[Data excerpts]

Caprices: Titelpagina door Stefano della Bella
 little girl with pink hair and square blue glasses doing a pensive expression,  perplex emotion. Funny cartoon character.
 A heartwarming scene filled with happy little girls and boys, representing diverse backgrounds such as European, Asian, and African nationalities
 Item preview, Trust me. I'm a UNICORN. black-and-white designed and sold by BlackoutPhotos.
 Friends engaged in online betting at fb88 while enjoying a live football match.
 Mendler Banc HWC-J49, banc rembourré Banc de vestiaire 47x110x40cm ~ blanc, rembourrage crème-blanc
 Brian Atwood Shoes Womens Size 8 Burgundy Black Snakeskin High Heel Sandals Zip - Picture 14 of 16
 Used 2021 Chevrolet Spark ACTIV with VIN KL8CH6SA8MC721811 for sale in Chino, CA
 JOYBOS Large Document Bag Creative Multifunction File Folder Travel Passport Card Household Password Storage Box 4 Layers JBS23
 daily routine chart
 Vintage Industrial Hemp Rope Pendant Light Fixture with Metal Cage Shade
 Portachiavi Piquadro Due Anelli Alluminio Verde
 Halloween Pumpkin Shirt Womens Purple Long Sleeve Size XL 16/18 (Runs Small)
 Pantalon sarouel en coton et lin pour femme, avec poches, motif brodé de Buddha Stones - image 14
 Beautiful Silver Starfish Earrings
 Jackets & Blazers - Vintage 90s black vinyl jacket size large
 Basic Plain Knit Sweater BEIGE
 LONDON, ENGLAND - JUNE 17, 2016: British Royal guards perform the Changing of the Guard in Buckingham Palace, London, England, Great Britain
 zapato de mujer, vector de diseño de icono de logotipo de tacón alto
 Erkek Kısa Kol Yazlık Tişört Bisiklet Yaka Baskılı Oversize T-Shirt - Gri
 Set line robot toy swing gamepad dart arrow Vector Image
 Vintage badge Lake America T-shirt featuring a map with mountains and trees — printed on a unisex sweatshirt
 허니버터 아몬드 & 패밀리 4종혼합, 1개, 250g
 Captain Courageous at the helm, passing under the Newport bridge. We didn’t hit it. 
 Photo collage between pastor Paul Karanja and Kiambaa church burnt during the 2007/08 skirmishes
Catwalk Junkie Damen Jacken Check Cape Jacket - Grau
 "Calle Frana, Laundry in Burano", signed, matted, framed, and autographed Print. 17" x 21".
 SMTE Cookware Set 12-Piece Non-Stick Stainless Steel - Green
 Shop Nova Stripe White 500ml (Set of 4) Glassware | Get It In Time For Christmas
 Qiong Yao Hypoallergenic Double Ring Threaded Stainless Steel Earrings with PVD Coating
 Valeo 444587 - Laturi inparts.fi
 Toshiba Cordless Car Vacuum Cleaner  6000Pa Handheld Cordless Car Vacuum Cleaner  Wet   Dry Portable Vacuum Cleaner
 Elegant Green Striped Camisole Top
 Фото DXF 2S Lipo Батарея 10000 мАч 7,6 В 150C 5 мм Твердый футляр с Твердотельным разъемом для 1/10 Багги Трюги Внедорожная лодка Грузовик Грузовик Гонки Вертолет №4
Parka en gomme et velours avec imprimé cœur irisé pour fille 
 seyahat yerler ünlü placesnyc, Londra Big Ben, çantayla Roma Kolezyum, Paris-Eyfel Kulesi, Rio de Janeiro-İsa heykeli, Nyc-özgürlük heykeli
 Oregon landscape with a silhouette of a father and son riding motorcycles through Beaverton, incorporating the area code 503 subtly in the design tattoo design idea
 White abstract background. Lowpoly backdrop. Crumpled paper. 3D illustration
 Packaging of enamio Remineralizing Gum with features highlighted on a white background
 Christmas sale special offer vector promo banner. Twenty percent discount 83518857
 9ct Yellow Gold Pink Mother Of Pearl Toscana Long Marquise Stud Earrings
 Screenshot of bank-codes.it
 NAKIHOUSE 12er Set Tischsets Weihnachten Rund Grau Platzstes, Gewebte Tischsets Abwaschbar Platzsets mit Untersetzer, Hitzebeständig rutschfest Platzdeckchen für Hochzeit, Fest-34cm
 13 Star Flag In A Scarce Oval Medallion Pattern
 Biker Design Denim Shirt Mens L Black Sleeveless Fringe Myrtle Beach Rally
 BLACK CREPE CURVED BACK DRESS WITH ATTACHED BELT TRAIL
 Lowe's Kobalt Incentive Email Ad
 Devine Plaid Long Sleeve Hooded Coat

• Your goal: Please transcribe the entries above exactly as written.

• Reply:
Caprices: Titelpagina door Stefano della Bella
 little girl with pink hair and square blue glasses doing a pensive expression,  perplex emotion. Funny cartoon character.
 A heartwarming scene filled with happy little girls and boys, representing diverse backgrounds such as European, Asian, and African nationalities
 Item preview, Trust me. I'm a UNICORN. black-and-white designed and sold by BlackoutPhotos.
 Friends engaged in online betting at fb88 while enjoying a live football match.
 Mendler Banc HWC-J49, banc rembourré Banc de vestiaire 47x110x40cm ~ blanc, rembourrage crème-blanc
 Brian Atwood Shoes Womens Size 8 Burgundy Black Snakeskin High Heel Sandals Zip - Picture 14 of 16
 Used 2021 Chevrolet Spark ACTIV with VIN KL8CH6SA8MC721811 for sale in Chino, CA
 JOYBOS Large Document Bag Creative Multifunction File Folder Travel Passport Card Household Password Storage Box 4 Layers JBS23
 daily routine chart
 Vintage Industrial Hemp Rope Pendant Light Fixture with Metal Cage Shade
 Portachiavi Piquadro Due Anelli Alluminio Verde
 Halloween Pumpkin Shirt Womens Purple Long Sleeve Size XL 16/18 (Runs Small)
 Pantalon sarouel en coton et lin pour femme, avec poches, motif brodé de Buddha Stones - image 14
 Beautiful Silver Starfish Earrings
 Jackets & Blazers - Vintage 90s black vinyl jacket size large
 Basic Plain Knit Sweater BEIGE
 LONDON, ENGLAND - JUNE 17, 2016: British Royal guards perform the Changing of the Guard in Buckingham Palace, London, England, Great Britain
 zapato de mujer, vector de diseño de icono de logotipo de tacón alto
 Erkek Kısa Kol Yazlık Tişört Bisiklet Yaka Baskılı Oversize T-Shirt - Gri
 Set line robot toy swing gamepad dart arrow Vector Image
 Vintage badge Lake America T-shirt featuring a map with mountains and trees — printed on a unisex sweatshirt
 허니버터 아몬드 & 패밀리 4종혼합, 1개, 250g
 Captain Courageous at the helm, passing under the Newport bridge. We didn’t hit it. 
 Photo collage between pastor Paul Karanja and Kiambaa church burnt during the 2007/08 skirmishes
Catwalk Junkie Damen Jacken Check Cape Jacket - Grau
 "Calle Frana, Laundry in Burano", signed, matted, framed, and autographed Print. 17" x 21".
 SMTE Cookware Set 12-Piece Non-Stick Stainless Steel - Green
 Shop Nova Stripe White 500ml (Set of 4) Glassware | Get It In Time For Christmas
 Qiong Yao Hypoallergenic Double Ring Threaded Stainless Steel Earrings with PVD Coating
 Valeo 444587 - Laturi inparts.fi
 Toshiba Cordless Car Vacuum Cleaner  6000Pa Handheld Cordless Car Vacuum Cleaner  Wet   Dry Portable Vacuum Cleaner
 Elegant Green Striped Camisole Top
 Фото DXF 2S Lipo Батарея 10000 мАч 7,6 В 150C 5 мм Твердый футляр с Твердотельным разъемом для 1/10 Багги Трюги Внедорожная лодка Грузовик Грузовик Гонки Вертолет №4
Parka en gomme et velours avec imprimé cœur irisé pour fille 
 seyahat yerler ünlü placesnyc, Londra Big Ben, çantayla Roma Kolezyum, Paris-Eyfel Kulesi, Rio de Janeiro-İsa heykeli, Nyc-özgürlük heykeli
 Oregon landscape with a silhouette of a father and son riding motorcycles through Beaverton, incorporating the area code 503 subtly in the design tattoo design idea
 White abstract background. Lowpoly backdrop. Crumpled paper. 3D illustration
 Packaging of enamio Remineralizing Gum with features highlighted on a white background
 Christmas sale special offer vector promo banner. Twenty percent discount 83518857
 9ct Yellow Gold Pink Mother Of Pearl Toscana Long Marquise Stud Earrings
 Screenshot of bank-codes.it
 NAKIHOUSE 12er Set Tischsets Weihnachten Rund Grau Platzstes, Gewebte Tischsets Abwaschbar Platzsets mit Untersetzer, Hitzebeständig rutschfest Platzdeckchen für Hochzeit, Fest-34cm
 13 Star Flag In A Scarce Oval Medallion Pattern
 Biker Design Denim Shirt Mens L Black Sleeveless Fringe Myrtle Beach Rally
 BLACK CREPE CURVED BACK DRESS WITH ATTACHED BELT TRAIL
 Lowe's Kobalt Incentive Email Ad
 Devine Plaid Long Sleeve Hooded Coat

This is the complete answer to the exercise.